Effect: Missing label.
FLOOR FRAMING GAP SCALE: In the floor framing DXF the gap between the beam end and the girder, and the gap between the beam end and the column, was not scaled correctly. The program was treating the specified value as if it were a model space dimension rather than a paper space dimension, which was inconsistent with other dimensions.
Effect: No visible gaps were drawn. Note: If you have made a change to your default value to account for this, you may need to change it back, otherwise the gaps will be very large.
Data Extractor
REACTIONS ON STUB CANTILEVERS REVERSED*: When exporting the reactions on stub cantilevers using the Data Extractor, the reactions were reported backwards: the right reaction was reported in the left reaction column and vice versa.
Effect: Incorrect stub cantilever beam reactions were reported.
Manager
SAVE AS ARCHIVE: The Durafuse .dfz file was not being included when archive files were created.
Effect: DuraFuse data was lost when the file was archived with the File – Save as Archive command.
GRAVITY LOADS ON LATERAL MEMBERS REPORT: The Gravity Loads on Lateral Members report lists the gravity loads applied to lateral members. In the case of a Gravity column supported by a transfer girder that was a Frame beam, the applied gravity loads reported for the Frame columns that supported that Frame beam were initially incorrect. However, after the analysis was performed in RAM Frame, the values were corrected and the report listed the correct values.
Effect: The reported column forces may not have been correct for the case of a Gravity column supported by a Frame beam.
Gravity Loads
SLOPING MEMBER LOADS AND REACTIONS*: If a beam framed into a sloping beam and if the option in the Manager to automatically include Beam self-weight in the determination of Dead Loads had been selected, the reaction from the beam supported by the sloping beam was unnecessarily transformed (the reaction had already been transformed and didn’t need to be done again) into the sloping beam’s local axis when the beams were designed during a Design All, resulting in incorrect design Dead Load point loads on the sloping beam.

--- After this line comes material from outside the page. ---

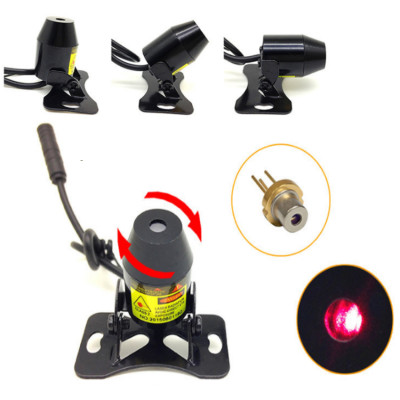 Đèn Laser Đuôi ÔTô Xe Máy Cảnh Báo An Toàn Cho Xe Sương Mù 6315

Effect: The Dead Load from reactions of sloping beams was incorrect, by the cosine of the beam slope angle, on the supporting members, including beams, columns, and foundations. The values were greater than they should have been, so the error was conservative unless the member or footing design was (or should have been) controlled by uplift. The error, when it occurred, was small unless the slope was very large. This error may have impacted gravity beam and column design, Frame analysis and design, foundations, and the reactions and point loads listed in the Data Extractor. Note that for the analysis of the Frames in RAM Frame, the Dead Loads on Frame members were corrected and the error did not occur if a Design All was performed in the Steel Beam module, in which case the analysis results in RAM Frame were correct.
Steel Beam
ABSOLUTE DEFLECTION LIMITS WARNINGS*: Deflection limit failure warnings were not given in View/Update and during Design All if a composite beam failed a user-specified "delta" deflection limit for the precomposite Construction Dead Load deflection case, or if a noncomposite beam failed a user-specified "delta" deflection limit for the Dead Load or Live Load deflection cases.

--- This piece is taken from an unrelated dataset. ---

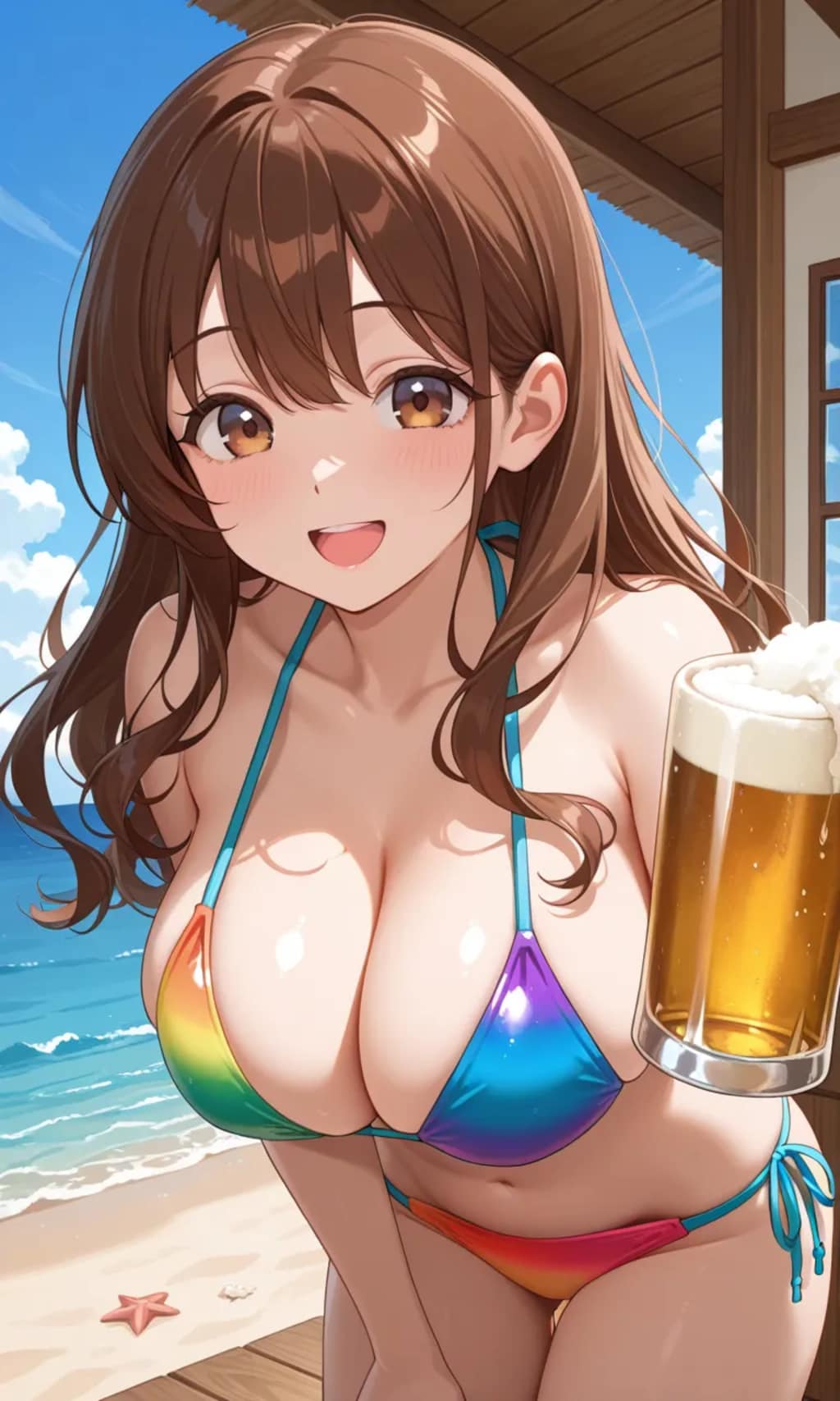カンパーイ！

Effect: Failures to satisfy the "L/d" deflection limits were always correctly reported, and Reports, Design Color display, and View/Update Demand/Capacity Ratio all correctly indicated when the beam failed either the "L/d" or "delta" deflection limits, but on-screen failure warnings were not displayed when the beam failed the "delta" deflection limit for the precomposite Construction Dead Load deflection case for composite beams, or for the Dead Load or Live Load deflection cases for noncomposite beams.
MOMENT CAPACITY OF ASYMMETRIC I-SHAPED MEMBERS: In the calculation of the moment capacity of asymmetric I-shaped members in Section F4 of AISC 360-16, the reported moment capacity was erroneous when Iyc/Iy was greater than 0.23 (the program always used Rpc = 1.0 even when a larger value was permitted).

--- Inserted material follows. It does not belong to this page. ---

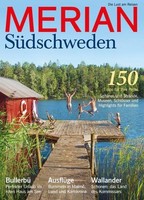 Merian Reisemagazin  7 / 2016 SÜDSCHWEDEN  NEU Juli 2016 (7/69)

Effect: The program conservatively used a Rpc = 1.0 in the determination of the moment capacity.
BUILT-UP BOX SHAPES: The reported capacities of built-up box sections with slender elements designed according to AISC 360-05/10 Section F7 were incorrect.
Effect: Built-up box sections with slender elements designed according to AISC 360-05/10 reported incorrect capacities and consequently an incorrect interaction ratio when the design was governed by the limit states of Flange and Web Local Buckling.
SINGLY SYMMETRIC I-SECTIONS AND CHANNELS: For singly symmetric I-Sections and Channels with unequal flanges designed according to AISC 360-05/10, the reported bending capacity was conservative if Flange Local Buckling governed the design and the smaller of the unequal flanges was the compression flange.
Effect: When Flange Local Buckling of AISC 360-05 /10 governed the design of singly symmetric I-Sections and Channels with unequal flanges, the reported bending capacity of the governing section was conservative.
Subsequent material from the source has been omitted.